RSA reassures channel following EMC takeover
Security giant claims acquisition will mean business as usual for its partners
RSA Security has been swift to calm channel uncertainty following its surprise takeover by storage giant EMC last week (CRN, 3 July).
The acquisition, for about $2.1bn, will see RSA operate as EMC’s Information Security Division and is expected to close by the third or fourth quarter, subject to approval.
Richard Turner, vice-president of EMEA at RSA, told CRN: “We see this as a marriage [of technology] through acquisition. A company can go out and buy a notebook or machine, but what is very difficult to protect is the data. It is logical to partner with companies such as EMC that dominate the storage space.”
Turner added that the combined company will offer RSA technology embedded into the infrastructure to deliver more added value. However, he stressed that it would continue to be business as usual for RSA’s channel partners.
“RSA’s product and channel strategy will continue to evolve as dictated by our business goals and by the market opportunity,” he said. “I can’t stress too much that it will be business as usual for RSA until we are told anything different.
“The core two-tier channel business that we have been selling through SecurWorld continues to evolve.
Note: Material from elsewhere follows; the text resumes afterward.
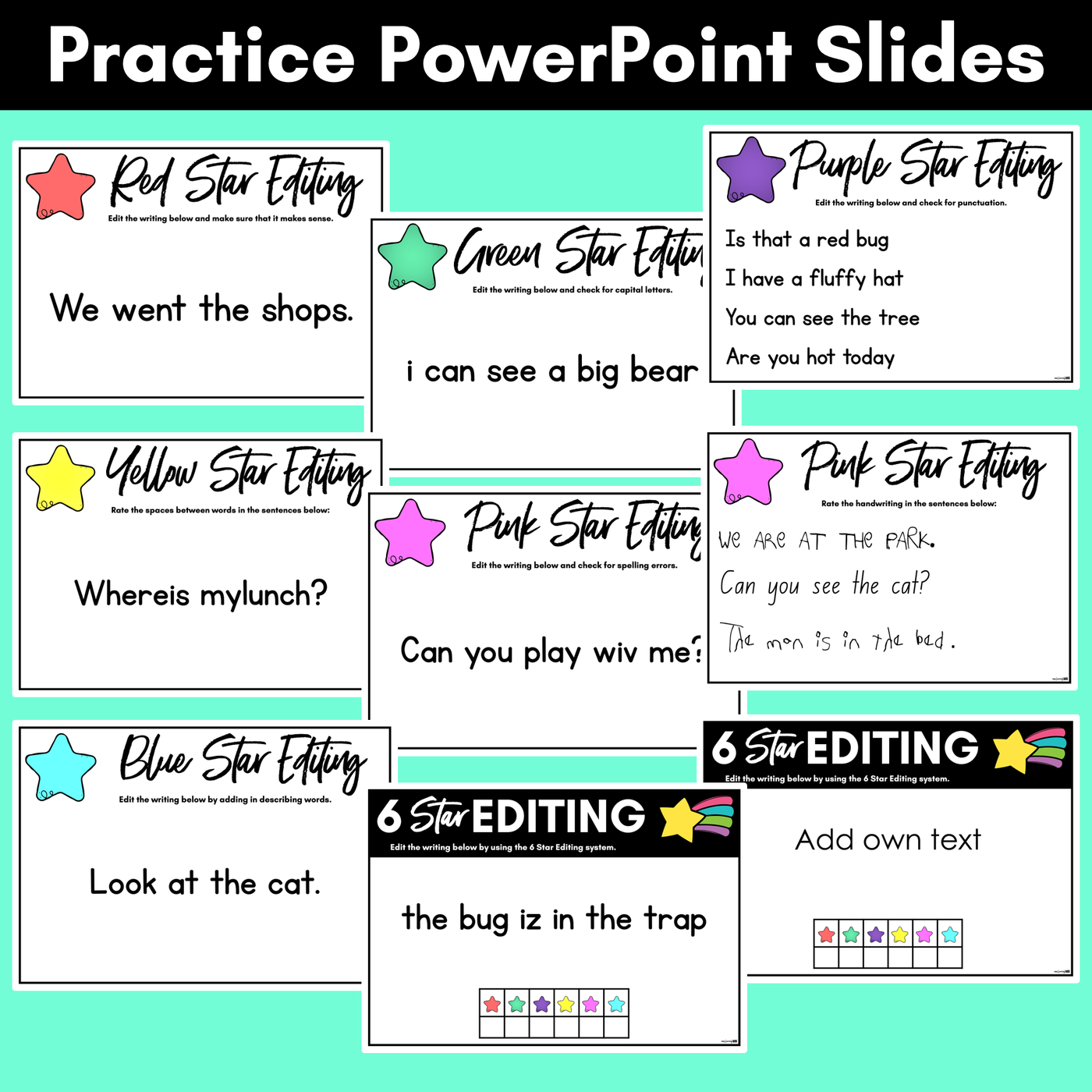6 Star Editing Checklist | PowerPoint Slides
We also have new initiatives kicking off and we are looking at new channels and new markets.”
David Henderson, sales director at RSA partner Armadillo, said the merger could open up the storage world to traditional security players.
“RSA made two acquisitions itself recently and we are just starting to see interest in those products [from customers],” he added. “So we hope these products don’t get lost in the EMC acquisition.”
Mark Evans, commercial director at VAR Imerja, said he was unconcerned about the acquisition.
“We have a good relationship with RSA and this is not going to damage its product or reputation,” he said. “It will be interesting to see how this is going to expand opportunities for us as we take our knowledge of RSA into other markets and enhance our offerings through something that’s properly integrated rather than just a bolt-on.”